Standardize ES Worker

# Park Hyeonu (8 years ago)

Now we're about to standardize thread-shared memory for EcmaScript( tc39/ecmascript_sharedmem). But how about the thread itself?

For this topic, I don't think we should develop another thread spec for ES as we already have a nice one - WebWorker. This spec allows multithreading in web client and it's well-adopted on most modern browsers. So all we need to do is just care some web-specific points of the api. Fortunately it's already new Worker() not new WebWorker() and not so many points should be fixed for it.

For the case to import web spec to ES spec, there's already a case like this - Typed Array. It's originally standardized in Chronos group as a part of WebGL spec, and adopted to ES later.

The spec I'm mentioning here is html5 apis including WebWorker, MessageChannel, Structured Clone Algorithm, Transferable Object.

Sounds nice, isn't it?

# Isiah Meadows (8 years ago)

Maybe with modification. I currently feel workers are a bit heavy (with their event driven nature), and they most definitely don't follow the idioms of the modern JavaScript language (very promise heavy).

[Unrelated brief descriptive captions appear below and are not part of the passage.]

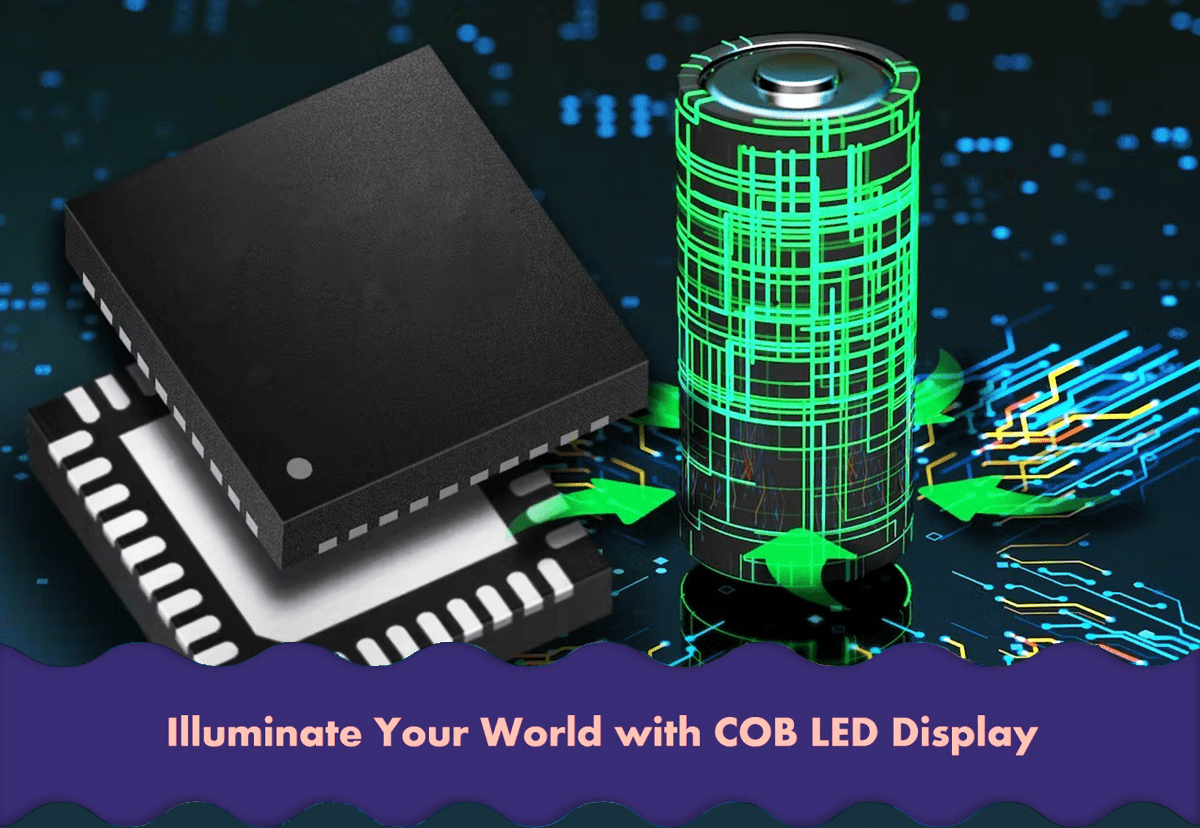 Micro COB LED Display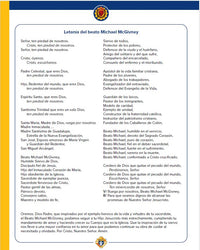 Guía de sesiones de McGivney Cor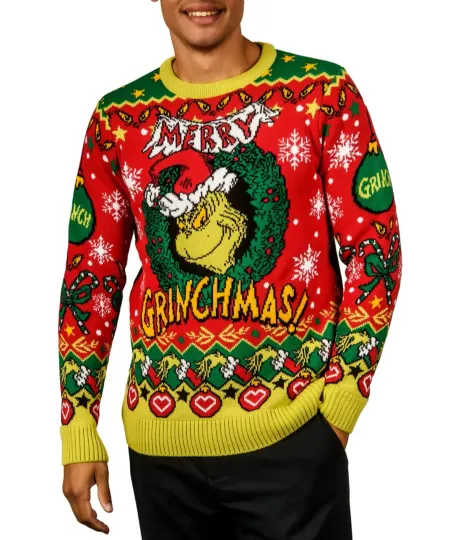 Discover The funny character Christmas Jumper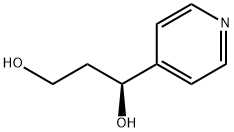 (S)-1-(4-吡啶基)-1,3-丙二醇 结构式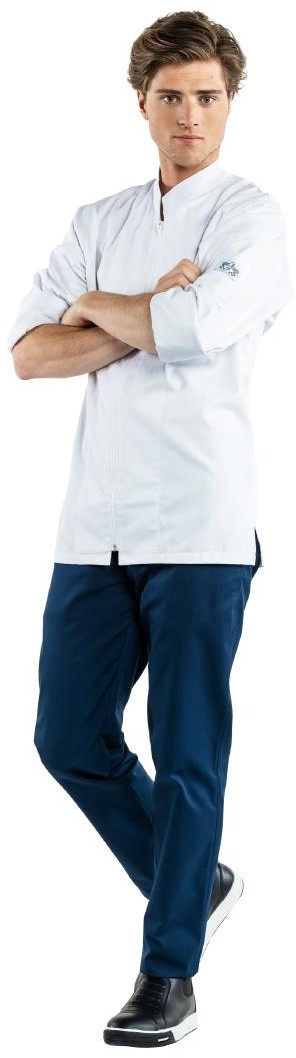  Chaud Devant Pantalon de cuisinier Marino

# Park Hyeonu (8 years ago)

I agree that we need additional modification from WebWorker spec. What I mean on the first post is that we (likely) can make standard Worker spec as a (mostly) subset of WebWorker spec so current codes using WebWorker need not to be changed.

Anyway, can you explain it more about mismatch between WebWorker and modern js idioms?

      1. 오전 6:05에 "Isiah Meadows" <isiahmeadows at gmail.com>님이 작성:
# Park Hyeonu (8 years ago)

I originally thought such functionality can be implemented on top of current event based model, but request-response pattern is such commonly used for workers so it's worth to consider including this to spec.

But the current event namespace already has it's own usage so how about something like this?

// main.js
const worker = new Worker('worker.js')

const io = worker.stdio

io.send('someEvent', someData)
...
await io.once('ready') // yes, promise

const res1 = await io.request('someMethod', arg1, arg2) // resolved with
returned data

const res2 = await io.request('nonExistingMethod', weirdData) // rejected
promise, throw

// worker.js
const io = self.stdio

io.on('someEvent', data => { ... })

io.method('someMethod', (arg1, arg2) => { ... })

io.send('ready')

Worker#stdio will be an instance of IOChannel interface. It may also be used like below.

// event handling within for-await
for await (let ev of io.listen('someEvent')) {
  ...
}

// more than stdio
const [chan, remoteChan] = Worker.createChannel(optionalName)
worker.stdio.send('newChannel', remoteChan)
...
await chan.once('ready')
chan.request('greeting')

P.S. please CC es-discuss at mozilla.org to let esdiscuss.org track this thread properly

2016-10-27 4:20 GMT+09:00 Michael J. Ryan <tracker1 at gmail.com>:

# Michał Wadas (8 years ago)

Resending, because I forgotten to include es-discuss mail.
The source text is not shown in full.